Sunday, August 16, 2009

On the continuing Kyle Busch saga, Keselowski's hometown win, and backseat drivers

The Kyle Busch saga continues.

It's been a long time since the NASCAR community has seen a driver with so much raw talent. Yes, there was Dale Earnhardt in 1979 and Tim Richmond in 1981 and Jess Gordon in 1993. But since then there have been a slew of "good" drivers but no truly "great" drivers.

Then along came Kyle.

He's won more races in NASCAR's top three national series in the past two years than most drivers could hope to win in their career.

When the greats of the sport like Petty, Pearson, Yarbourough, Allison, Waltrip, and Earnhardt were winning there was often controversy, but in general their efforts were applauded and appreciated by the audience.

So when then is Kyle Busch reviled?

Earnhardt was polarizing. You either loved him or hated him. But regardless of which side of the fence you were on, you respected his talent.

That's not the case for Kyle Busch. For the vast majority of racefans, he's the driver they love to hate. I have to suspect there are many in the media corps who feel the same way, though they could never admit it.

Perhaps it's incidents like post-race contact with Marcos Ambrose at Watkins Glen or post-race interviews at Michigan that cause the boo birds to jeer every time Busch is seen, heard, or mentioned.

What is it about those two races that has Busch so upset? Since when is racing someone hard a cheap shot? Did Ambrose do anything dirty in passing Busch entering the inner loop? Did Brian Vickers do anything dirty in chasing Busch down to the apron on the front stretch and taking his entry into turn one away from him? No contact was made in either instance and the result was that Busch was beaten, fair and square. Yet when the microphones appear, Busch becomes petulant and abrasive.

Yes, Earnhardt could lose his temper with reporters, and Waltrip could too. But the difference is once the moment passed they would return to their jovial, respectful selves. Busch has slid down the slope to where he rarely smiles on camera anymore, unless of course it's in victory lane.

Yes, winning is the ultimate goal for racecar drivers. Busch's attitude towards winning is refreshing since many believe a good portion of the starting field in the Sprint Cup Series are merely out there collecting money for their retirement funds. Being a good winner is important but so is being a good loser.

Especially when the race you just lost is in a minor-league series, not in a Cup race.

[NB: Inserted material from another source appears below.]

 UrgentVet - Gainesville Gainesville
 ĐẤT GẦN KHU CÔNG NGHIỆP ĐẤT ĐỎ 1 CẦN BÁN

It would be one thing if Ambrose's dive-bomb into the inner loop at The Glen resulted in a crash or of Vickers' move on the frontstretch at Michigan was a tire-rubbing, fender-crunching body slam. But they weren't. They were clean moves, and Busch lost fair and square.

No one wants Busch to become a sponsor-plugging automaton. It's possible to have personality and give good interviews and still be upset you lost. Busch needs to find that middle ground, especially on Saturdays.

There is nothing lost by coming up to a reporter and saying how hard you were trying to lose and how much you wanted it only to fall short. There's nothing wrong with being upset with seven second-place finishes (remember the "what if those second places were all wins" line?) but when you have a pout on and you act like a school kid who lost the game so he took his ball and bat and went home, well, then there is something wrong with it.


Congratulations to Brad Keselowski on his surprising win at Michigan, his home track. ESPN paid lip service to the importance of this track to Brad and his family, but as someone who has known the Keselowski family since the early 1980s and is proud to have spent a lot of time with the entire clan in the latter years of their Truck Series involvement, I can say that the ESPN reporters have no real feeling for just how much that win means.


The "Backseat Drivers" experiment during the Nationwide broadcast was interesting. Dale Jarrett showed he can be a very competent play-by-play announcer, and the rest of the cast - Andy Petree, Rusty Wallace, and Ray Evernham - did a decent job throughout. It was interesting but not something I'd like to see every week. One has to wonder if this experiment was done as an audition as Dr. Jerry Punch continues to struggle with generating excitement as lead play-by-play announcer.